Many of you know that I am a photographer by training and thus my entry into understanding the visual arts is closely tied to the experience of framing things with my eye and my lens.

Moreover, I have spent the past five years or more exploring both art and nature all across my adopted home state of Florida. During this time I came across several outstanding exhibitions of photography by a young artist named Anastasia Samoylova.

This past week Ana invited me to her lovely studio in Miami Beach to learn more about her exceptionally strong practice. I had been eagerly anticipating meeting her for some time, considering her somewhat of a kindred spirit. After all, Ana and I are both transplanted Floridians (who once lived in Russia) and share a deep understanding and appreciation for photography and art.

Much as I once photographed Russia and the republics of the former Soviet Union, Ana has been shooting all over Florida for the past seven years, achieving some unusually sophisticated results in her images. This is no easy feat: after all, Florida is the third most populous state in the Union and has long promoted itself as a tourism juggernaut and tropical wonderland.

For better or for worse, our projections of contemporary Florida inevitably include palm trees, alligators and sunsets painted in what I might refer to as death-by-pastel color palettes. Cliches and memes of “Florida Man” abound while the state’s perception as being on the front line of climate change and epic political and cultural battles sharpens.

Ana’s work encompasses these complexities while delving much deeper conceptually to the point where I can confidently say that she is among the very best fine art photographers working in Florida today.

Apparently the curators at the Metropolitan Museum of Art in New York agree, for Ana has earned the extremely prestigious honor of an exhibition dedicated to her work in Florida. This show is expected to open in October 2024, and I hope that at least several of you would join me in going to see it.

What’s even more remarkable is that the Met, which maintains one of the most robust collections of photography in the world, has invited Ana to place her work in dialogue with vintage, Works Progress Administration-era photographs of Florida by one of the giants of 20th century American photography, Walker Evans.

For rough comparison, this would make Ana’s show Floridas the equivalent to that of paintings by an emerging landscape painter being exhibited side-by-side with work by, say, Claude Monet.

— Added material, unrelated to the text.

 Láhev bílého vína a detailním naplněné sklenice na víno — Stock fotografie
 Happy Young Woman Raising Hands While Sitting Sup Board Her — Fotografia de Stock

With her medium-format digital camera, Ana frames exceptional and banal scene all across Florida with a very keen eye towards color, formal structure, contrasting images, and a popular-yet-difficult-to-overrate art-historical technique known as trompe l’oeil, giving these photographs a painterly look.

Photograph by Anastasia Samoylova… can you tell which parts of this image are “real,” reflected, or made up of other images?

Why do I use a French term that means “fool the eye” and insist on saying “difficult-to-overrate?” Well… I’ll tell you: because that whenever you see an image within an image, the artist is trying to make you question whether what you’re seeing is real, or simply a visual facsimile of reality.

Originally this trick was has been employed in painting (there are examples all over the art-historical spectrum), but when an artist attempts it through photography, she opens a host of theoretical considerations and questions about the nature of the medium itself.

To be brief I must gloss over Ana’s formal training as a painter and photographer and the inspiration she takes from Russian, American, and international artists. Suffice it to say that most of these — e.g. Natalia Goncharova, Alexander Rodchenko, William Eggleston, Steven Shore, Thomas Demand among others — are all among my favorite artists of all time, not least because they incorporated elements of both the extraordinary and the banal in their work.

Ana’s photographs underscore contemporary Florida’s status as ground zero for some of the 21st century’s starkest contrasts and contradictions. With the magic of Disneyworld on one hand and the mundanity of the strip mall on the other, her images appear both exotic and familiar, with a particular shade of sun-washed pastel pink periodically resurfacing throughout her work.

Furthermore, Ana does not shy away from the issues behind the rising temperatures and high-water marks (both politically and environmentally) making her photography the kind of work I’d expect to see referenced in art criticism and museum collections for decades to come.

Photoshopping nothing, Ana prints virtually all of her work by herself on a large printer in her studio (up to 40” x 50”) in small editions of 5 images, retaining two artist’s proofs (one of which she designates for museum acquisition). She has shown her work extensively throughout the United States and Europe, and will be exhibiting her work in Korea next year.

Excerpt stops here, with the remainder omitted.